_REQUIREMENT_
Each record below gets repeated exactly, and pictures stay out of the copy.

▼▼▼

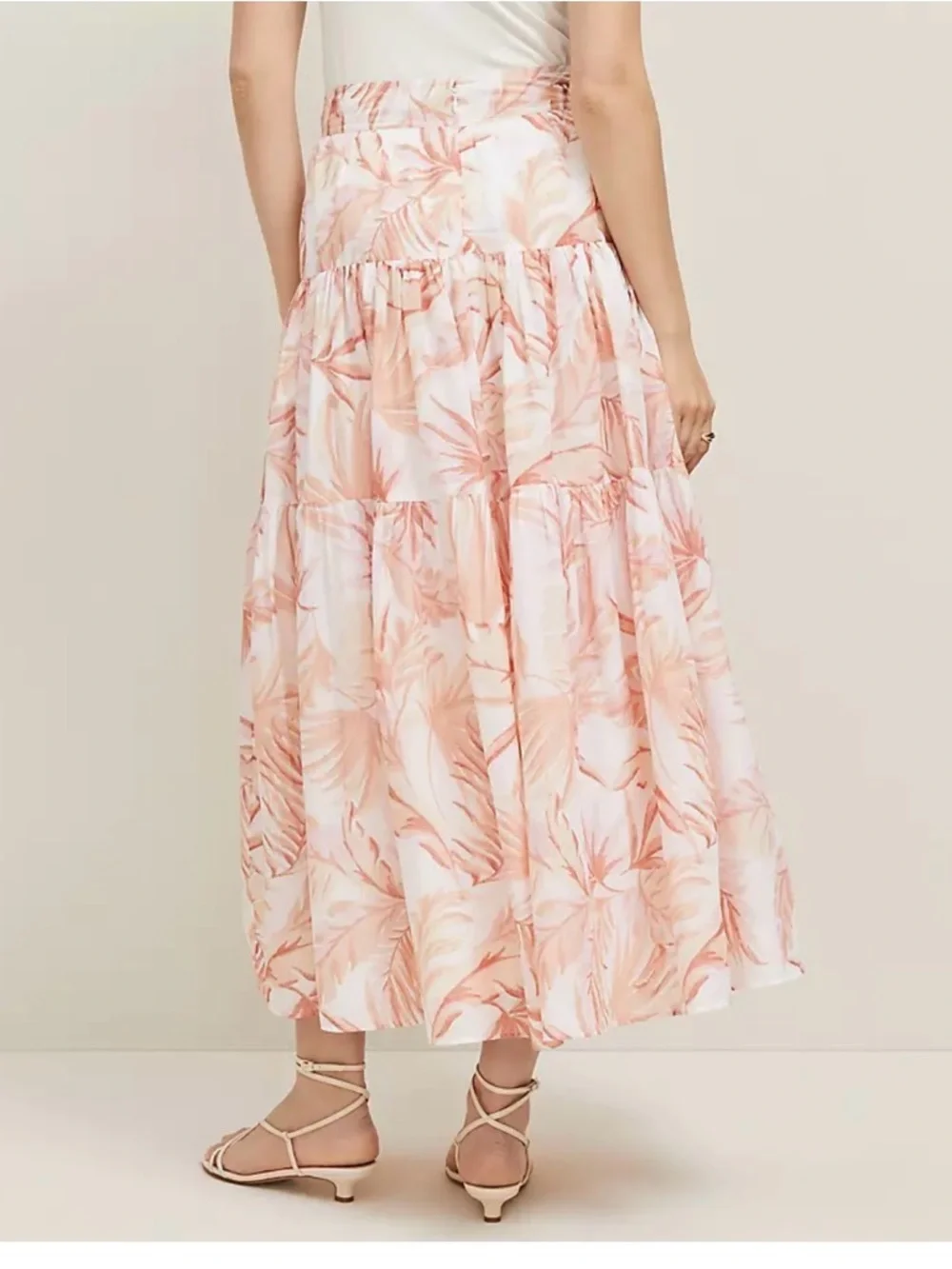 Ann Taylor Coral Pink Floral Tiered Maxi Skirt - Picture 3 of 7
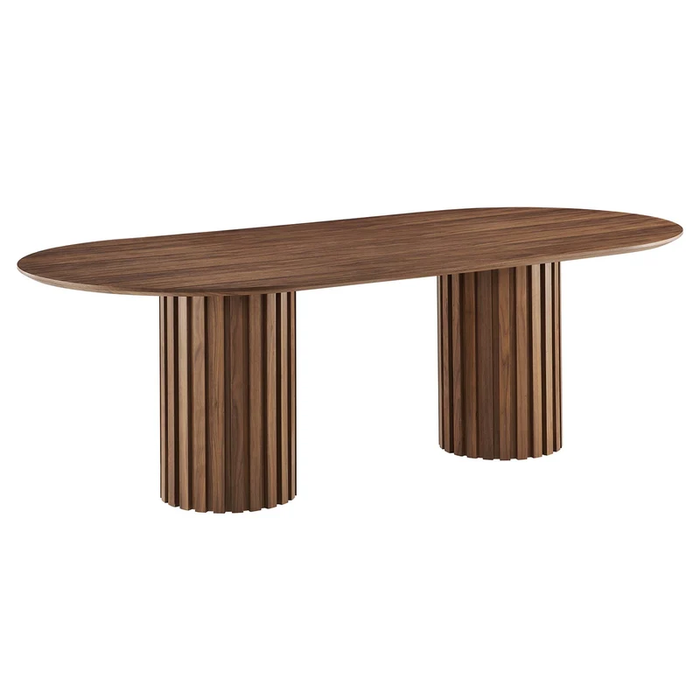 Senja 95" Oval Dining Table in Walnut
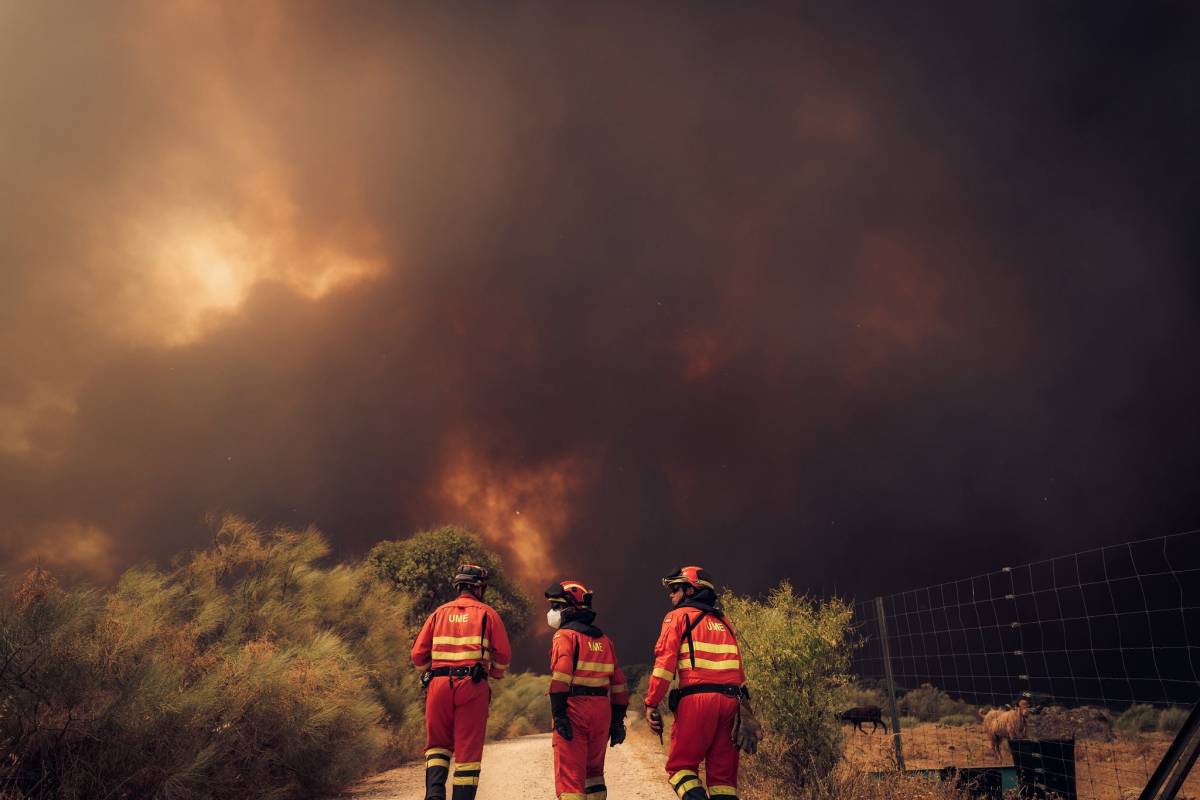 Los carteles de la DGT en la AP-4 piden evitar la Ruta de la Plata para ir a Madrid: el incendio activo ya es el peor de la historia de España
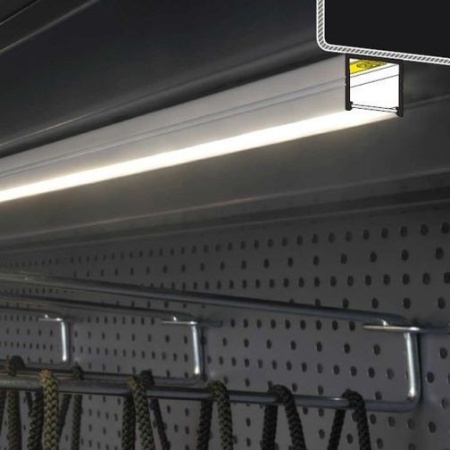Profil LED aparent SMART 16, aluminiu neanodizat, lungime 2m - Img 5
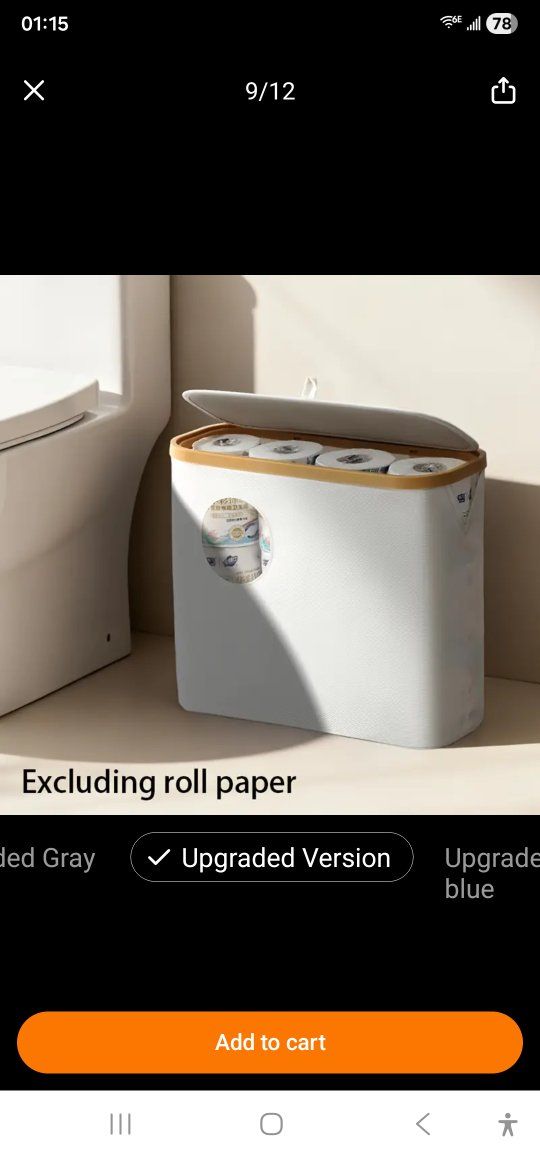 MOONRISE Storage Bin with Lid - Toilet paper holder, Spacious Storage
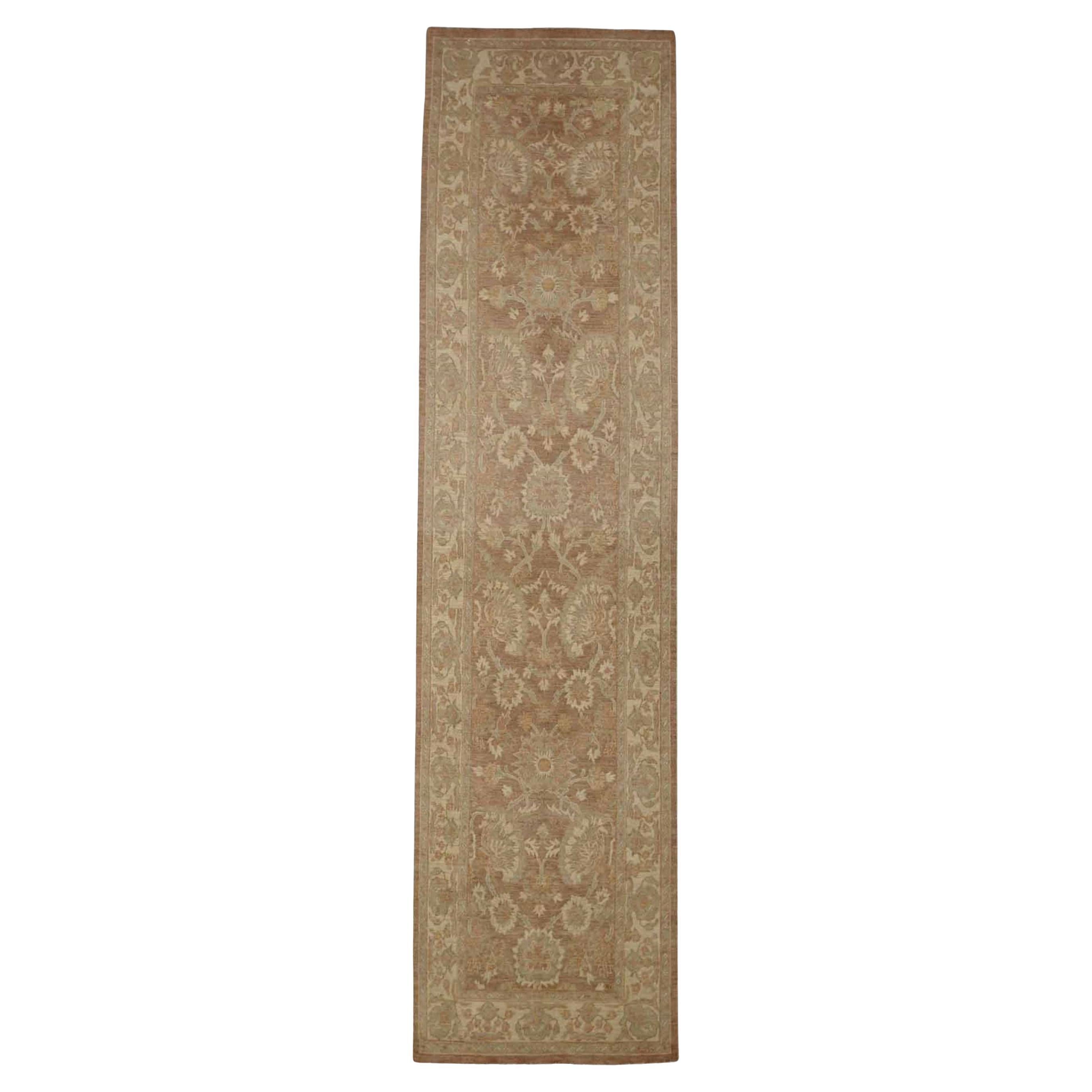 Afghanistan Tabriz Läufer Teppich CIRCA 1990 - Wolle Braun Elfenbein Design - 91936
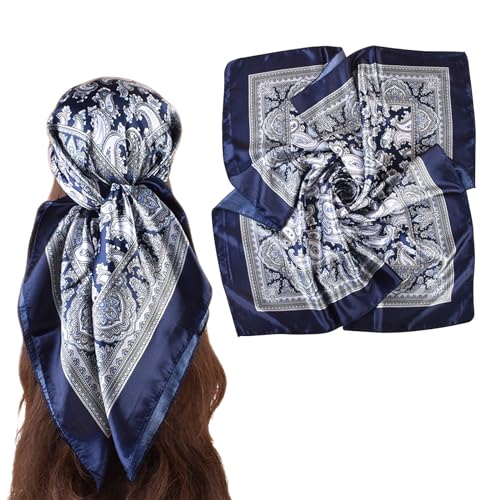 EIysee 35 Inches Silk Head Scarf-Satin Hair Scarves Silk Bandana Scarf Headscarf for Womens Fashion Scarves (Paisley - Navy blue)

▲▲▲

_ANSWER BOX_
 Ann Taylor Coral Pink Floral Tiered Maxi Skirt - Picture 3 of 7
 Senja 95" Oval Dining Table in Walnut
 Los carteles de la DGT en la AP-4 piden evitar la Ruta de la Plata para ir a Madrid: el incendio activo ya es el peor de la historia de España
Profil LED aparent SMART 16, aluminiu neanodizat, lungime 2m - Img 5
 MOONRISE Storage Bin with Lid - Toilet paper holder, Spacious Storage
 Afghanistan Tabriz Läufer Teppich CIRCA 1990 - Wolle Braun Elfenbein Design - 91936
 EIysee 35 Inches Silk Head Scarf-Satin Hair Scarves Silk Bandana Scarf Headscarf for Womens Fashion Scarves (Paisley - Navy blue)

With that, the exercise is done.